A la fin des années 1980, un concours est lancé pour réaliser une extension, destinée à héberger les services du département qui, suite aux lois de décentralisation, ne dépendent plus de la préfecture. Le projet retenu est en courbes et contre-courbes, tranchant avec la linéarité du bâtiment d’origine. L’escalier monumental est détruit, un péristyle est ajouté, et l’accueil du public est complètement repensé.

Outre l’aspect architectural à proprement parler, c’est l’ensemble des éléments décoratifs qui plongent le visiteur dans une esthétique moderniste des années 1960. Panneaux de bois, métaux, verre et skaï se mélangent et nous propulsent dans un décor au charme d’un luxe désuet.

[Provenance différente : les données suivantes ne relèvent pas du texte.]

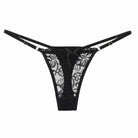 Mala Thong - LAVAH INTIMATES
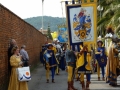 Palio 2012_42.jpg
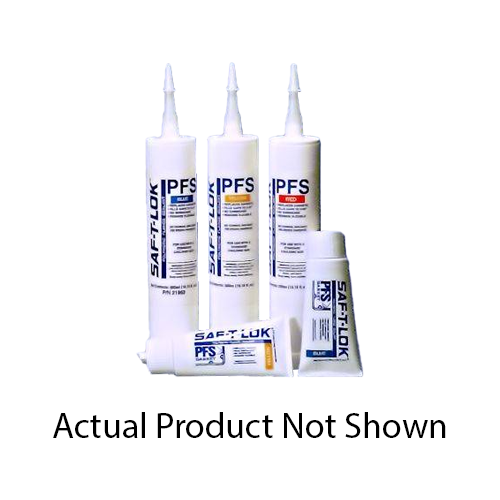 SAF-T-LOK 21163 SAF21163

Dans la salle de l’assemblée départementale, un lustre monumental veille sur les délibérations et apporte une solennité supplémentaire aux pupitres de bois roux. Dans le grand salon, la hauteur sous plafond soulignée par les luminaires, la double exposition, les immenses baies vitrées et les couleurs chaudes des décors permettent de créer une ambiance à la fois conviviale et officielle.

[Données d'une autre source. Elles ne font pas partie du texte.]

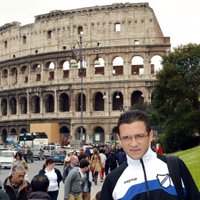 Nicolás Zilla (@zillanicolas) 's Twitter Profile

En faisant le tour du bâtiment, on arrive du côté des appartement privés du préfet. Les baies vitrées, là encore, cassent la rigueur du bâtiment et baignent les lieux de lumière. Le hall d’entrée donne l’impression de se trouver dans le lobby d’un luxueux hôtel des années 60 et on ne serait que moyennement surpris d’y croiser James Bond sous les traits de Sean Connery. Un élégant paravent de métal dissimule habillement le vestiaire et l’accès aux sanitaires. Une toile de Cathelin apporte une touche de couleur sur le mur paré de pierre. Les pièces desservies reprennent les mêmes codes en les déclinant selon leur usage : salle à manger avec sa crédence, fumoir et sa cheminée… Chaque fois, une attention particulière a été apportée aux luminaires, dessinés spécialement pour les lieux. Tous les détails ont été pensés pour raconter la grandeur des institutions hébergées dans le bâtiment.

La visite se termine. Il est temps de revenir au XIXe siècle !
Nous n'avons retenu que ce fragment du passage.